Lottie Holman O'neill
Placed in 1976, the next statue on our tour honors the first woman elected to the Illinois General Assembly: Lottie Holman O’Neill of Downers Grove. Representative O’Neill was first elected in 1922, just two years after the ratification of the 19thAmendment to the U.S. Constitution, which extended suffrage to women. She went on to serve for 38 years in the House and Senate. O’Neill led the effort to enact legislation allowing women to serve on juries in Illinois, and was a staunch opponent of higher taxes and increased spending. By the end of her tenure she was known as the “conscience of the Senate.” She retired from the General Assembly in 1963 and died in 1967.

Speaker of the House David Shanahan of Chicago was honored with a rotunda statue in 1939. Shanahan served in the House for 42 years, including six terms as Speaker. He helped Governor Frank Lowden pass legislation which created the Bureau of the Budget and the Civil Administrative Code, reforms to state government which are still in effect today. It was Shanahan’s death in 1936 and the resulting vacancy which opened the door for Richard J. Daley to step in and join the legislature.

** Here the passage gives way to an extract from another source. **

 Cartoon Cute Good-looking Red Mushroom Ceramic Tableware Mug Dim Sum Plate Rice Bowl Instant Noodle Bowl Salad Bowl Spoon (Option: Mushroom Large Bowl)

The eighth and final statue to be found in the 2nd floor rotunda is Governor John Wood of Quincy, which was placed in 1891. The 12th Governor, Wood served only for a few months, filling out the term of Governor William Bissell who died in office in 1860. Wood was very generous with his space as Governor: he allowed the Bissell family to remain in the Executive Mansion until the end of his term, and he allowed Abraham Lincoln to use his office in the Capitol for his run for the Presidency that year. Having worked to modernize the state militia as Governor, Wood remained in state service after his term was up, accepting a post as quartermaster in charge of supplying Illinois soldiers in the Civil War.